Metadata …arrghhh!

In my previous job as Audiovisual Archivist, I spent a lot of time examining various metadata standards in detail; hours spent pouring over PBCore, METS, MODS, MIX, EXIF and IPTC/XMP, because we were designing a content model for an in-house Digital Asset Management system. I thought I had put it all behind me yet here I am staring at Phil Barker’s informative post about ‘metadata and resource description’ and it’s all coming back to me… Arrghhh 🙂

Workpackage six of the Chemistry.fm project aims to:

Plan the storage, delivery and marketing of the course.
Choose a metadata standard
Evaluate third-party hosting such as Flickr, Slideshare and YouTube as well as JORUM and the IR.

Ah, if only life were as simple as a series of bullet points!

As I was creating the project poster yesterday, I was reminded about the various ways that our project OERs could be ‘broadcast’. Although collaboration with our community radio station SirenFM, is core to the approach of our project, we all know that there are many ways for anyone to be a broadcaster on the web and part of the fun of this project for me, is being able to explore the different ways that educational content can be pulled and pushed between subscribing students and members of the public.

My plan at the moment is to use our Institutional Repository as the ‘canonical reference’ for the OERs.
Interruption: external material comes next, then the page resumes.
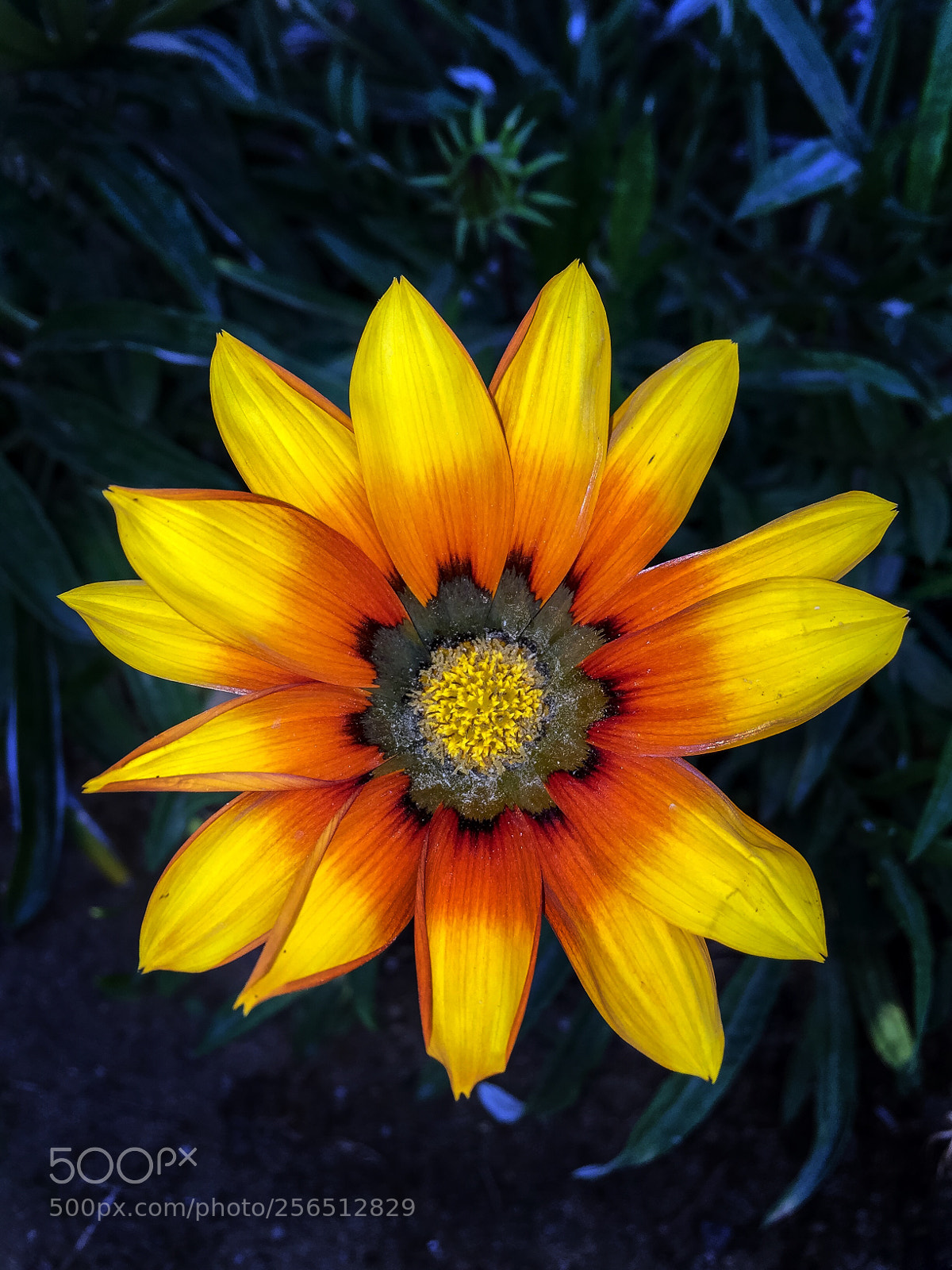 Apple iPhone 6 sample photo. Wp photography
During our JISC-funded LIROLEM project, we developed EPrints to better accommodate multimedia resources and it makes sense to use a versioned digital archive that supports embedded media enriched by copious amounts of metadata. (I know it’s a requirement to use JORUM, too, but at the first Programme Meeting, it became clear that JORUM can be used simply as a directory where we can register URIs of existing OERs, so that’s what I’ll be doing).

Anyway, Archivists, have you ever feasted your eyes on the source code of an EPrint? Of course you have. Here’s a reminder.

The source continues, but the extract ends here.